This passage from Mark is just one of the many reasons I am not a fundamentalist, or someone who takes the Bible literally. And, in fact, nobody really is a true Biblical literalist. As John Dominic Crossan puts it so nicely, “Just because Jesus is the Lamb of God doesn’t mean that Mary had a little lamb.”

If we were to take this passage from Mark literally, every Christian congregation– evangelical, progressive, conservative, liberal–would be full of torsos with no hands or feet and faces with eyes gouged out.
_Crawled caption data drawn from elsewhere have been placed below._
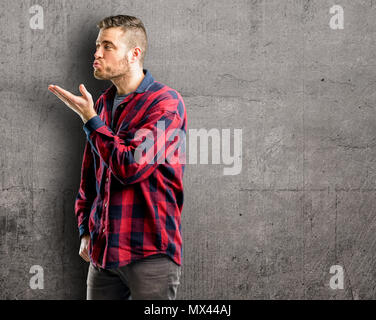 Jungen gutaussehenden Mann Liebe auszudrücken, Schläge Kuss auf Kamera, flirten Stockfoto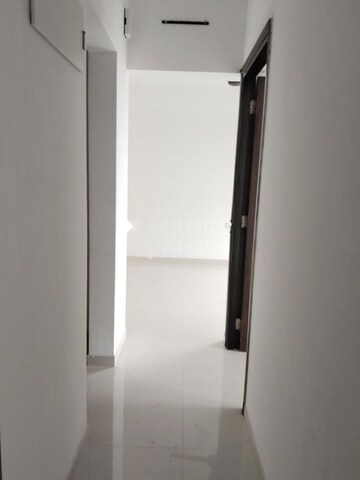 Room in 2 BHK Apartment at UK Iridium, Kandivali East – for Rent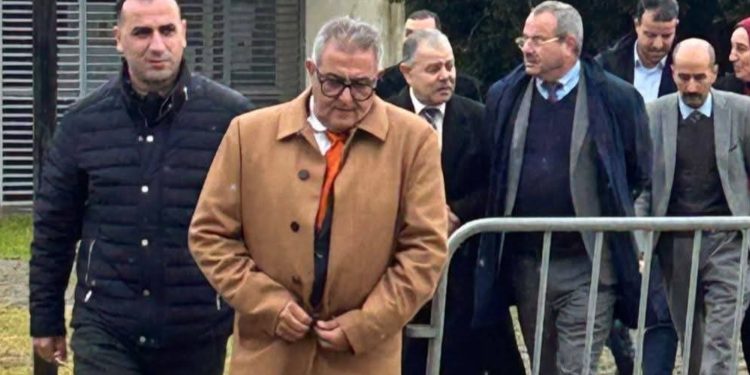 العامل الخلفاوي يتفاعل مع خصاص العرض الصحي بفحص أنجرة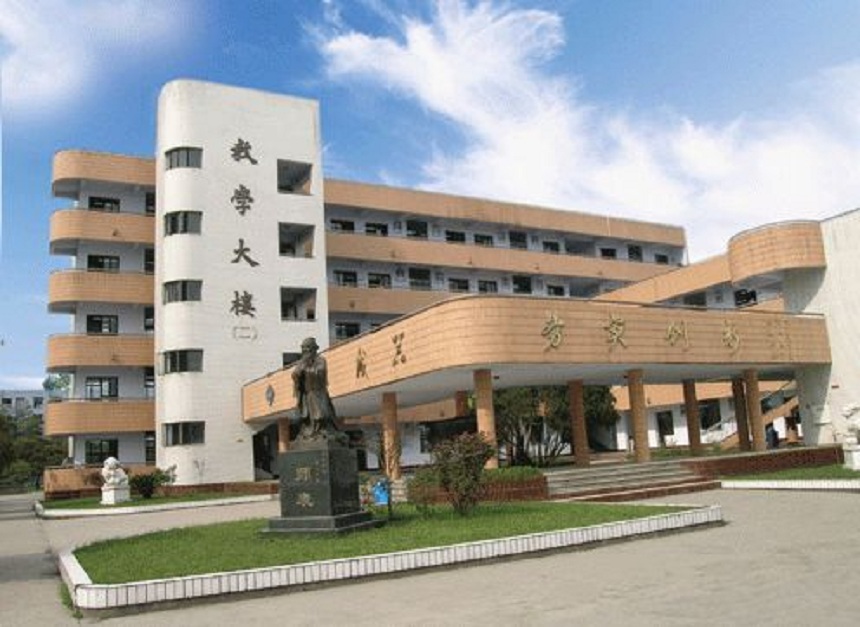 西南交通大學(xué)附屬中學(xué)學(xué)校環(huán)境好不好？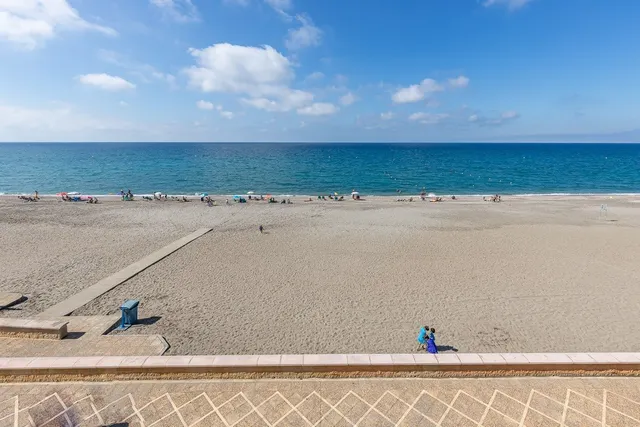 ATENCION PONEMOS A LA VENTA EL PRIVILEGIO DE VIVIR EN PRIMERÍSIMA LÍNEA DE PLAYA. ¡EN CABO DE GATA! — 44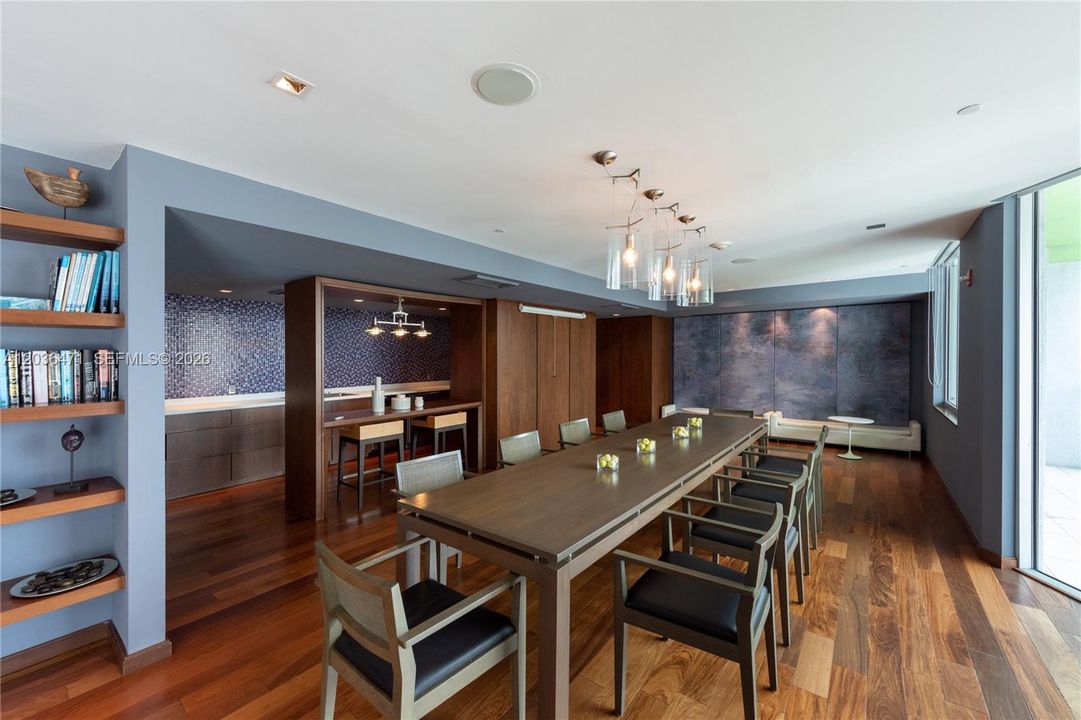 For Rent: $2,600 (1 beds, 1 baths, 846 Square Feet)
I’m not sure how big that would go over with the television stations.

“If any of you put a stumbling-block before one of these little ones who believe in me, [Jesus said] it would better for you if a great millstone were hung around your neck and you were thrown into the sea. If your hand causes you to stumble, cut it off; it is better for you to enter life maimed than to have two hands and to go to hell, to the unquenchable fire. And if your foot causes you to stumble, cut it off; it is better for you to enter life lame than to have two feet and to be thrown into hell. And if your eye causes you to stumble, tear it out; it is better for you to enter the kingdom of God with one eye than to have two eyes and to be thrown into hell, where their worm never dies, and the fire is never quenched.”
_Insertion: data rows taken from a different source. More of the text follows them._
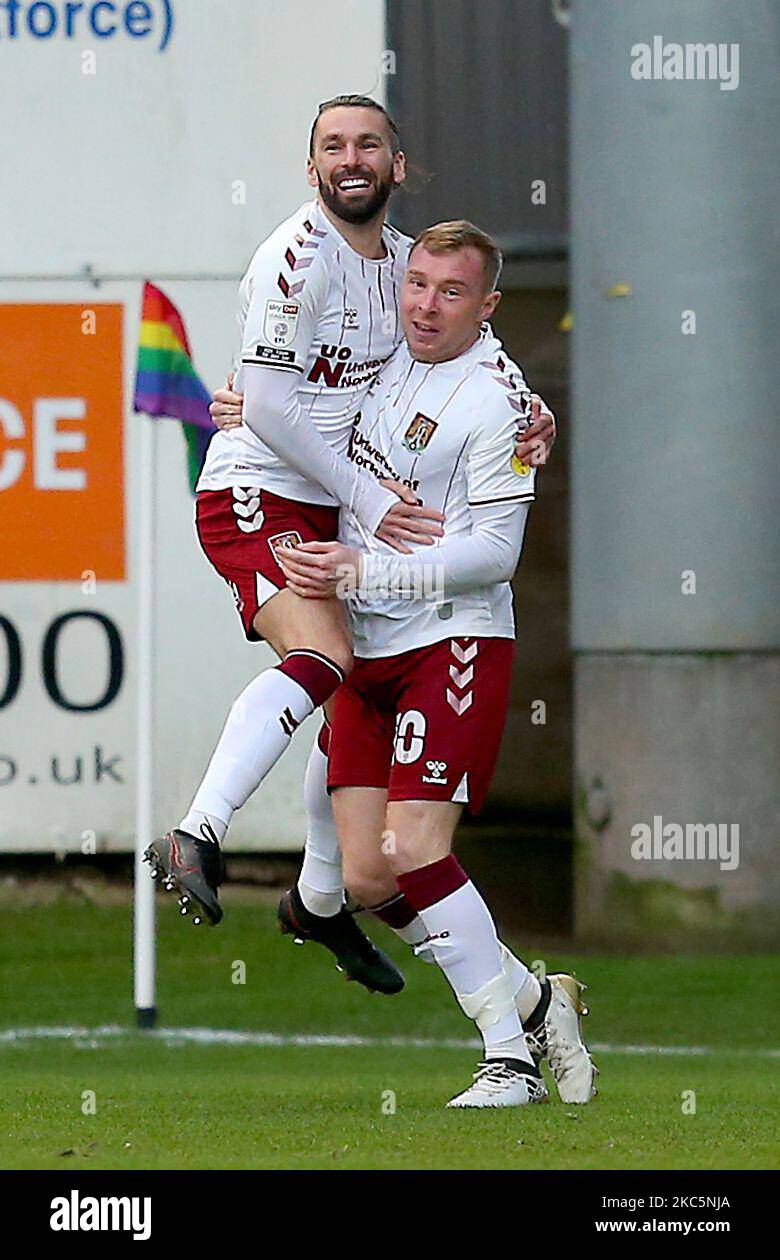 Northamptons Ricky Holmes festeggia il suo 0-1 durante la partita della Sky Bet League 1 tra Crewe Alexandra e Northampton Town all'Alexandra Stadium, Crewe, sabato 12th dicembre 2020. (Foto di Chris Donnelly/MI News/NurPhoto) Foto Stock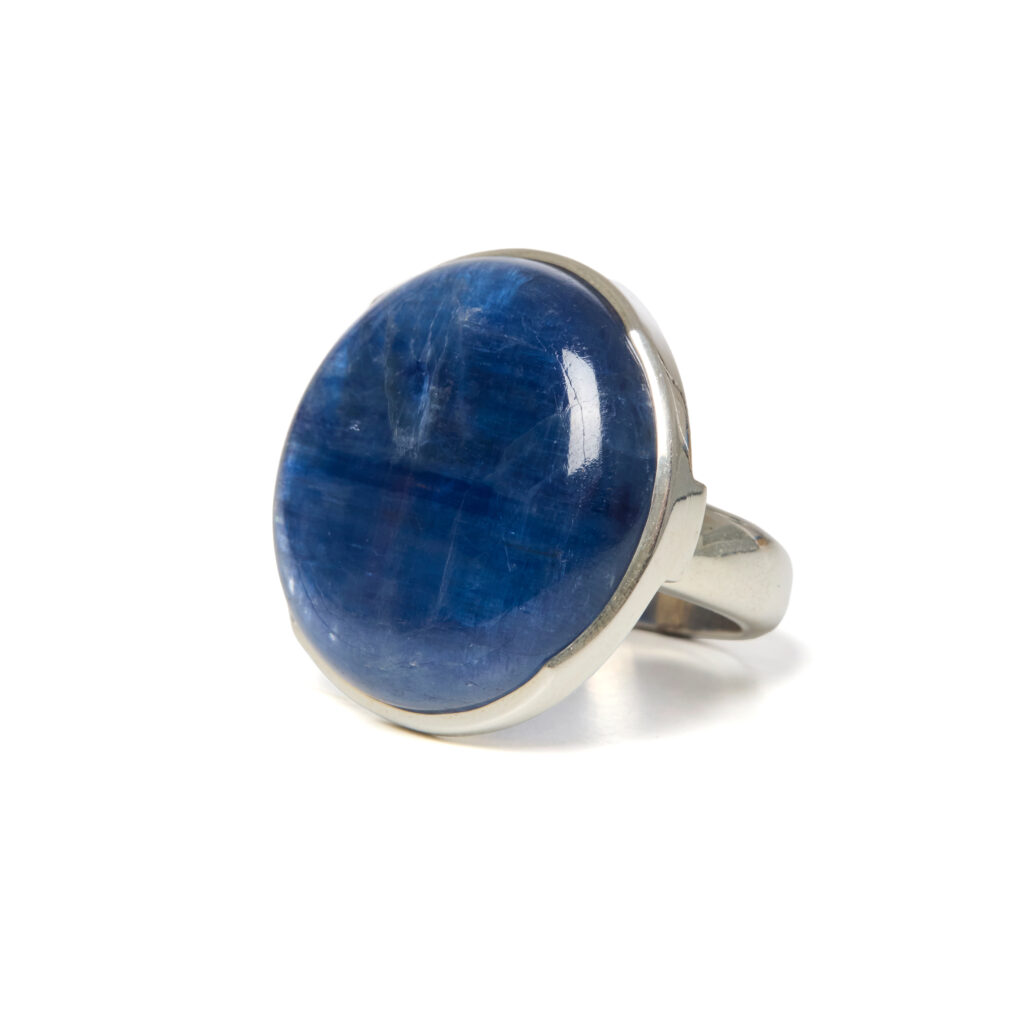 Anello in Argento con Cianite a pietra tonda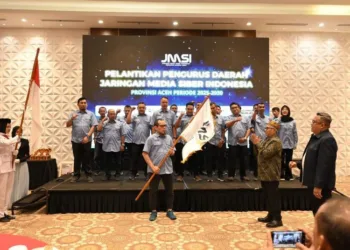 Hendry CH Bangun melantik pengurus JMSI Aceh, puji JMSI sebagai organisasi perusahaan pers paling rapi secara organisatoris.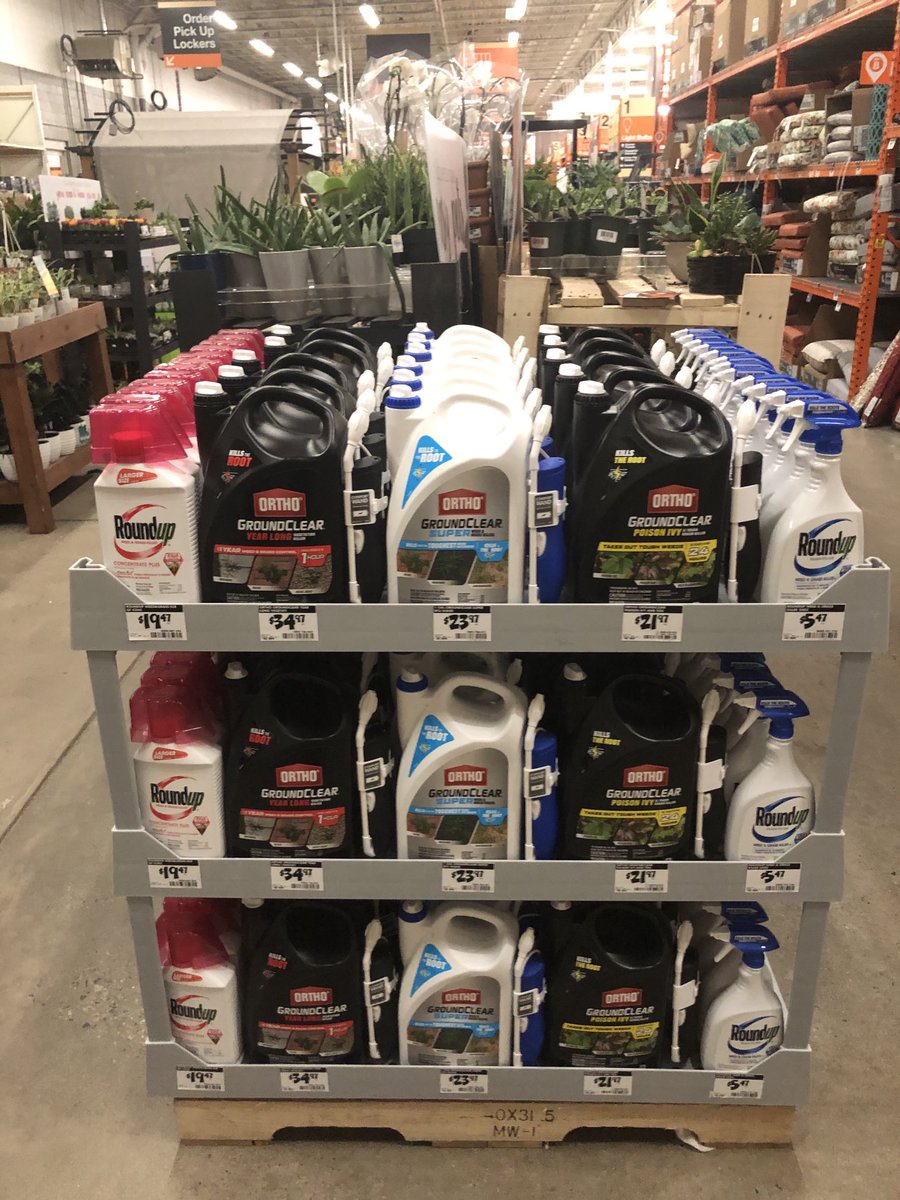 jasonjohnson_JJ's tweet photo. Loaded up and ready to rock! ⁦@3485HomeDepot⁩ ⁦@ScottsLawn⁩ ⁦@Scotts_MGro⁩ ⁦ https://t.co/RtPpTTpPnL
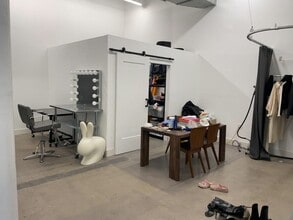 4701 Van Dam St, Long Island City, NY à louer - Vidéo sur l’annonce professionnelle 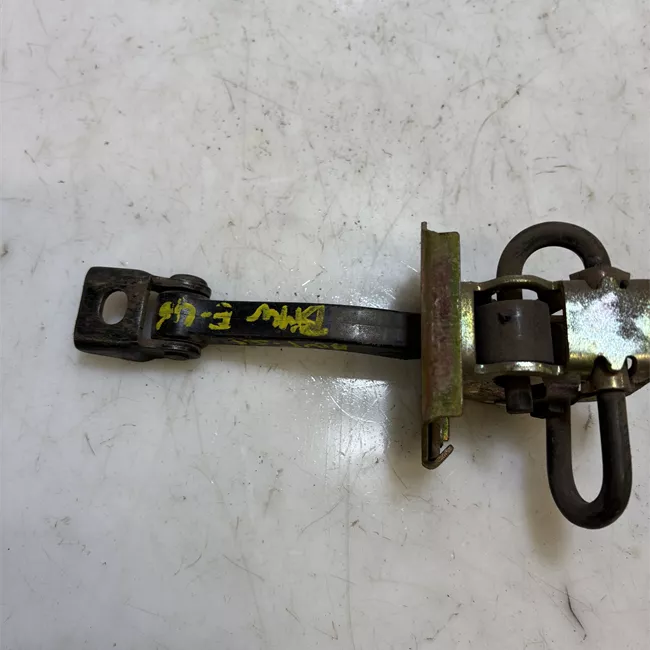 Fermo porta anteriore sinistro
There is a form of proverbial wisdom, one Biblical scholar explains, “called the ‘better than’ proverb. It presents two sharply opposed choices, one of which is clearly good and the other clearly not.” (Alyce McKenzie, Edgy Exegesis, 9/24/12) “A good name is to be chosen rather than great riches, and favor is better than silver or gold” (Prov. 22:1) is one example from the book of Proverbs. “Better is open rebuke than hidden love.” (Prov. 27:5)

This, of course, was part of the wisdom tradition in which Jesus grew up. And, in good Jewish tradition, he took the form and made it his own–he “borrowed their forms and used them in edgy ways to subvert conventional wisdom’s do’s and don’ts.” (McKenzie, op cit.) The sharp-tongued preacher in the book of Ecclesiastes did the same thing– “I thought the dead who have already died, [he wrote] more fortunate than the living, who are still alive, but better than both is the one who has not yet been and has not seen the evil deeds that are done under the sun.” (Eccl. 9:18)
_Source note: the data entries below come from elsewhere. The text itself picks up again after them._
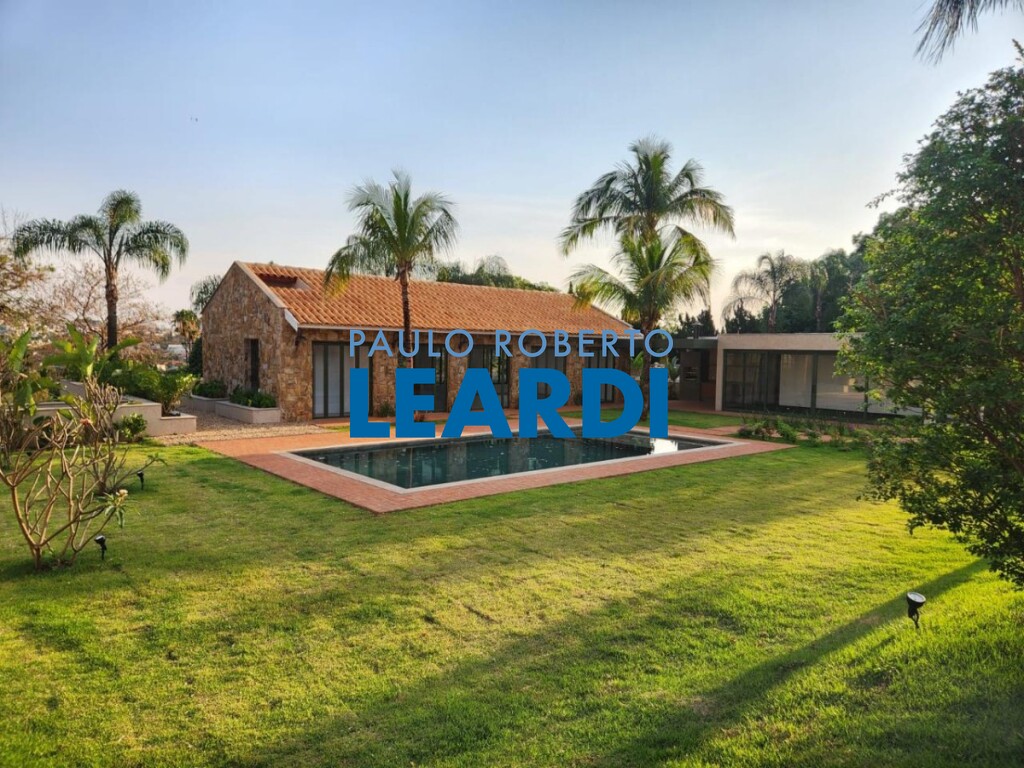 Casa de Condomínio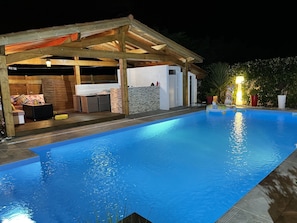 Piscine extérieure, piscine chauffée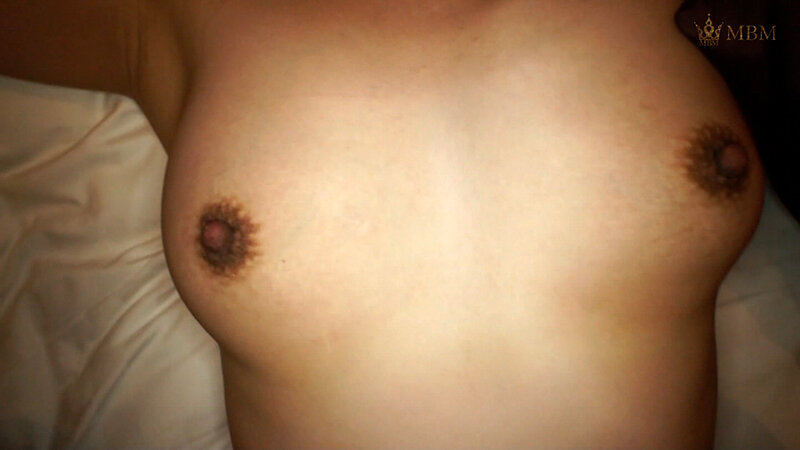 スタイル抜群の美熟女!美女でもあそこはヌっちゃヌちゃ本気汁でパンティに大きなシミを…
Jesus was schooled in that tradition, but as Alyce McKenzie writes, “What Jesus does is take a traditional proverbial form used to offer clear-cut options and adds a dash of paradox and big dollop of hyperbole…The paradox is that he presents something clearly painful and distasteful [being drowned in the sea, or cutting off your hand or your foot] as the better choice. He uses hyperbole by exaggerating the choice to the Nth degree–all these self-amputations are better than being whole in hell.” (Op cit.)

“These are not legal rules meant to be enforced literally as general regulations [another scholar explains]. They are meant to make us look at human behavior in a whole new way.” (Robert Tannehill, cited by McKenzie, op cit.)

When people (we) exaggerate, we are stretching the truth. “When I was your age, I walked to school everyday, 5 mi. each way, uphill all the way, carrying my sister, who was pregnant at the time.” That’s hyperbole, exaggeration, stretching the truth. But here, Jesus means to show us how really destructive our actions can be. It really matters if the way you act or what you say causes someone else who’s still searching for faith or trust in God to turn away from God. “People were so offended by Jesus’ exaggeration, [McKenzie writes] not because it wasn’t true, but because it was.” (Ibid.)

This YouTube video defaming the prophet Mohammed that has caused so much uproar and violence is an example of how what we say or do in the name of God really matters. It can have devastating consequences. We tend to think that religion is just a topic for conversation, maybe steering away from off-color religious jokes, but, you know, it’s just religion. Obviously, it’s not just religion and certainly not a joke for millions and millions of people, not only fundamentalist Muslims but for millions of Jews who were killed in the Holocaust because of their religion. It was literally a matter of life and death.

And while we must defend free speech, as President Obama said this week, with the ability now at the touch of a button to spread lies and hatred all over the world, we need to examine and perhaps update both our understanding of free speech and of what we will take offense at, while at the same time, condemning violence against innocents in all cases.

This whole discussion of Jesus’ about the consequences of putting stumbling blocks in front of “little ones” is framed here in Mark in the context (not surprisingly) of community. What are the obligations of community and what are the limits of that community?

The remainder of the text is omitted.